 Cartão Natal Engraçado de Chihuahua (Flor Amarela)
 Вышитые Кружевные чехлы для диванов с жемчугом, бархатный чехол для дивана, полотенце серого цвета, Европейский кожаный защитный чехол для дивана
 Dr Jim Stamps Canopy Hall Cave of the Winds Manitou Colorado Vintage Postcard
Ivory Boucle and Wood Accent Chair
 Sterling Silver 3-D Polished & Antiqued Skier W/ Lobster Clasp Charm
━━━━━━━━━━━━━━━━━━━━━━━━━━━━━━
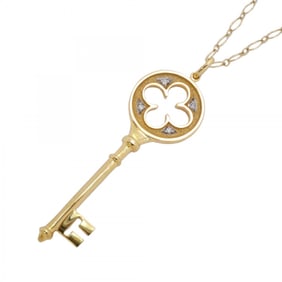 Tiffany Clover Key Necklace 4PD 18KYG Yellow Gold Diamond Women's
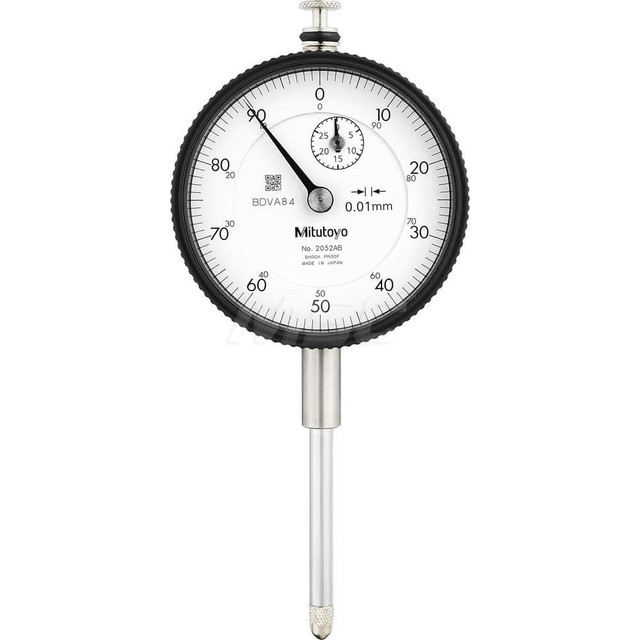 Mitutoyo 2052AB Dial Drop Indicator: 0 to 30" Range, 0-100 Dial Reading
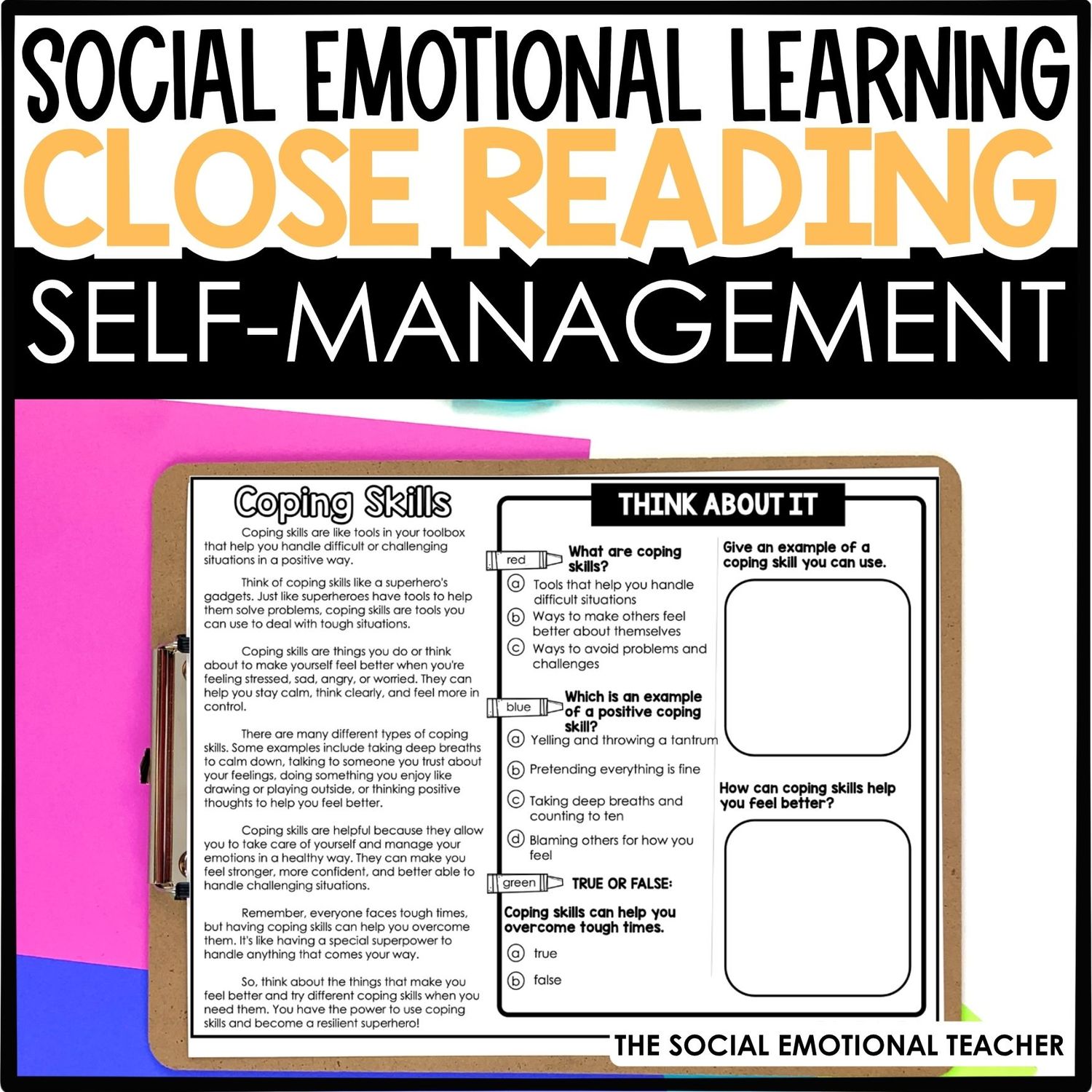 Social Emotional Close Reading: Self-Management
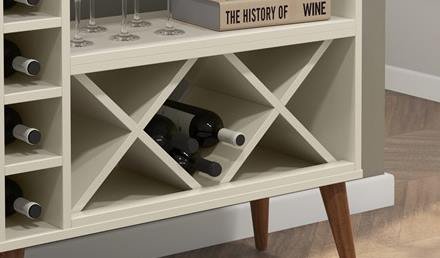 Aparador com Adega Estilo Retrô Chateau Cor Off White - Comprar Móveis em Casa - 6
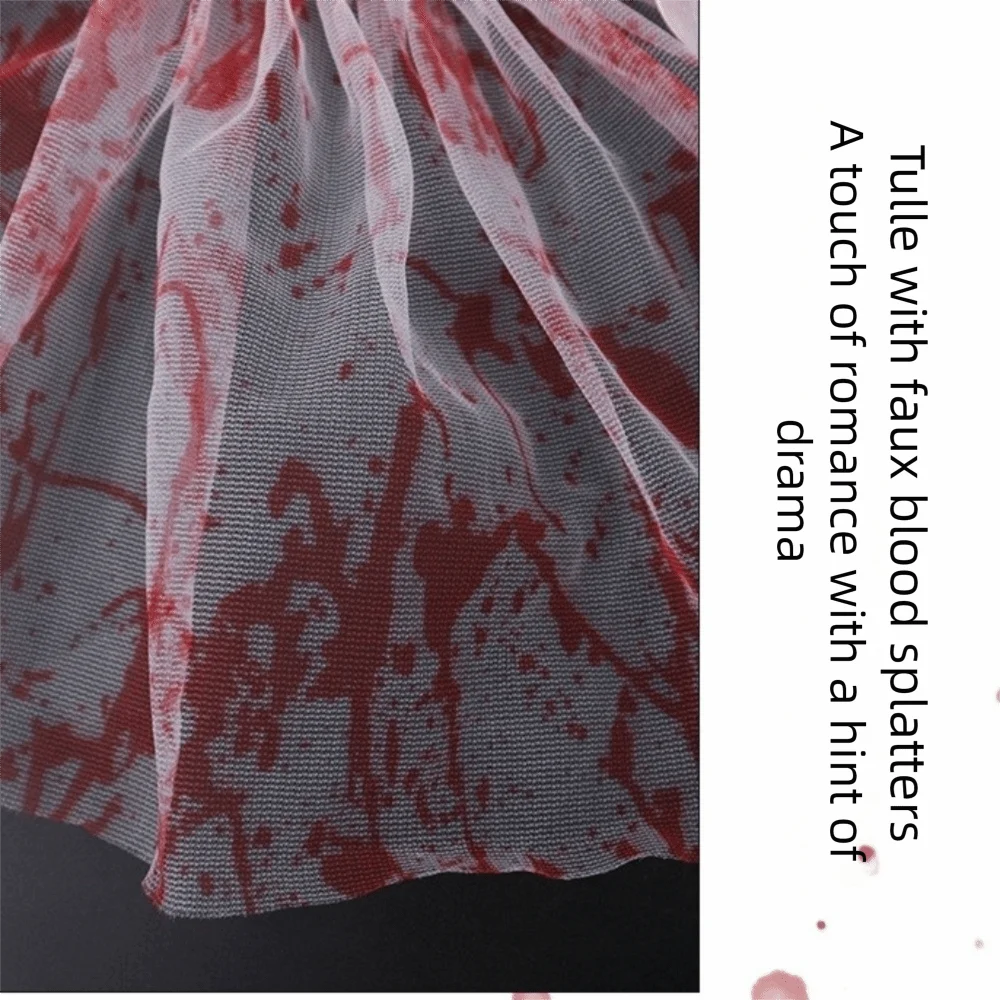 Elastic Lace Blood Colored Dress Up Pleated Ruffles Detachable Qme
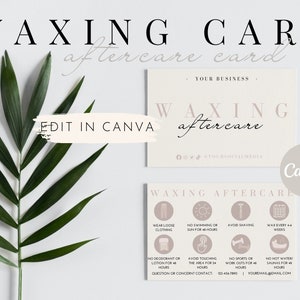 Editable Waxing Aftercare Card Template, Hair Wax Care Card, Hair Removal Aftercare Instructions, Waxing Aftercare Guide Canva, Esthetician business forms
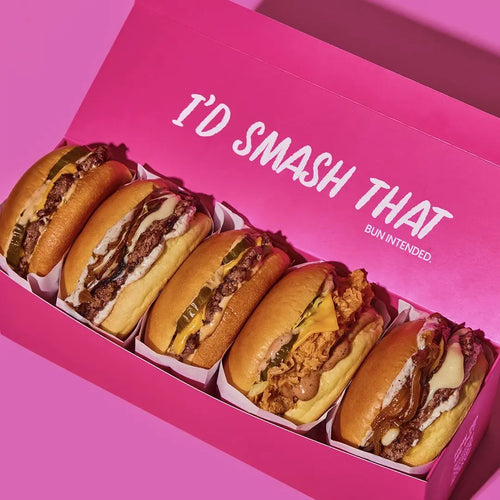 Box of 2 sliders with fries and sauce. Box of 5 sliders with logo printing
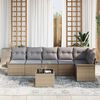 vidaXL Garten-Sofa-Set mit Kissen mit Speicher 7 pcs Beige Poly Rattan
━━━━━━━━━━━━━━━━━━━━━━━━━━━━━━
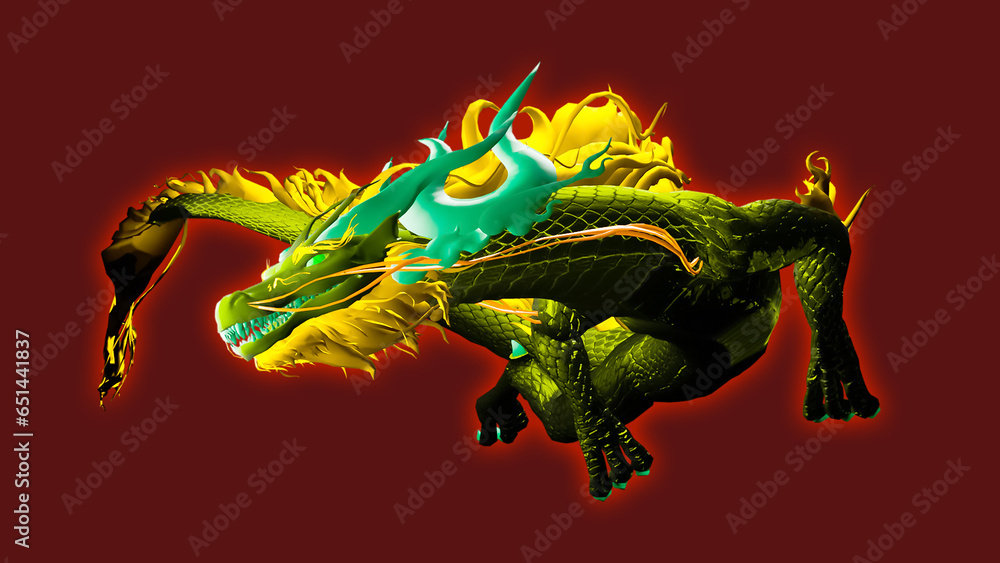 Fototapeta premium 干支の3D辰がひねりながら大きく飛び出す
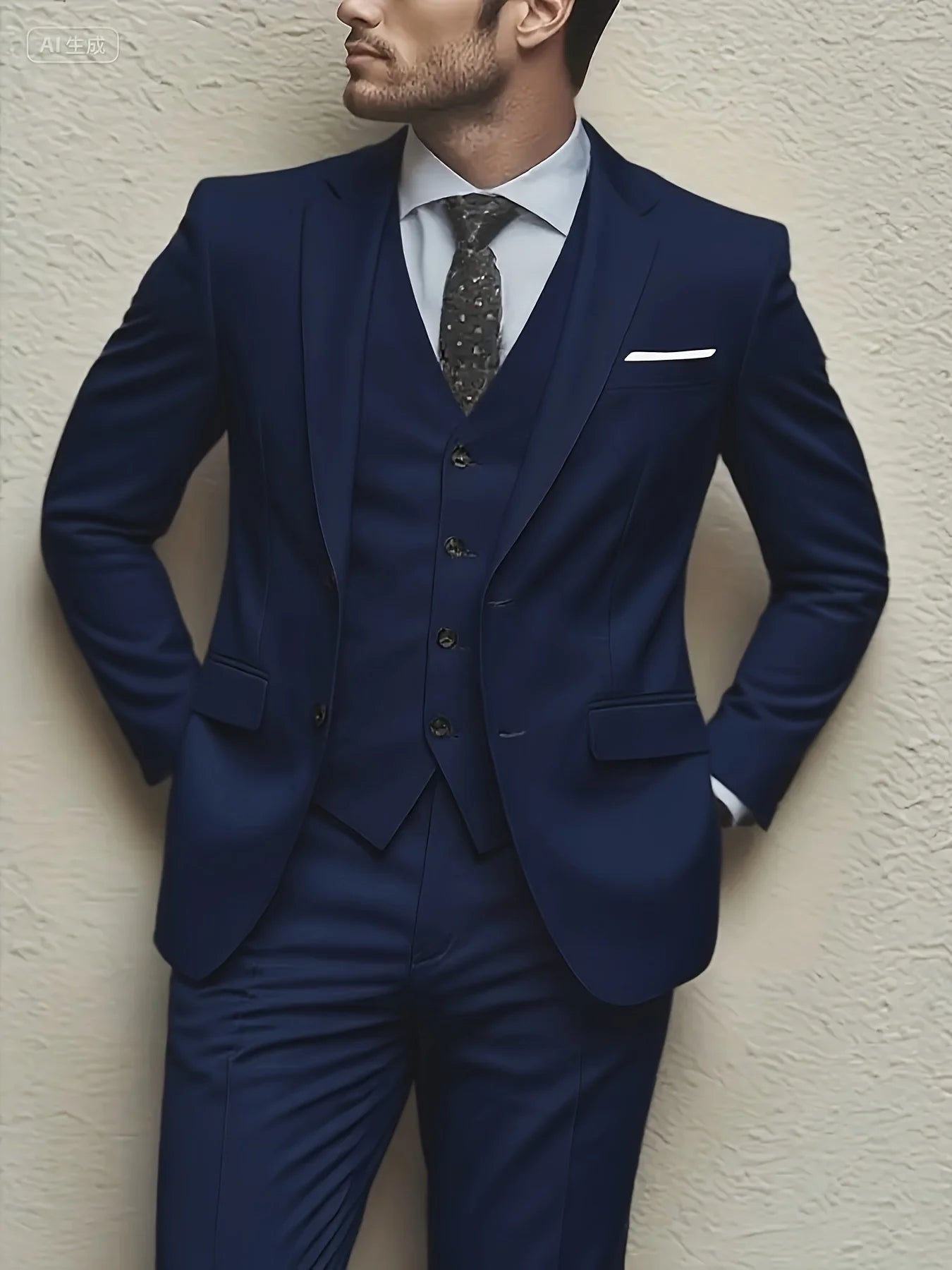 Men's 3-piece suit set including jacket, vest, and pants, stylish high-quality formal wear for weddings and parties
━━━━━━━━━━━━━━━━━━━━━━━━━━━━━━
Above are records with pictures. Reproduce exactly only the lines from the line with "Editable Waxing Aftercare" through the line with "vidaXL Garten-Sofa-Set mit", both ends included, and leave the pictures out.

 Editable Waxing Aftercare Card Template, Hair Wax Care Card, Hair Removal Aftercare Instructions, Waxing Aftercare Guide Canva, Esthetician business forms
 Box of 2 sliders with fries and sauce. Box of 5 sliders with logo printing
 vidaXL Garten-Sofa-Set mit Kissen mit Speicher 7 pcs Beige Poly Rattan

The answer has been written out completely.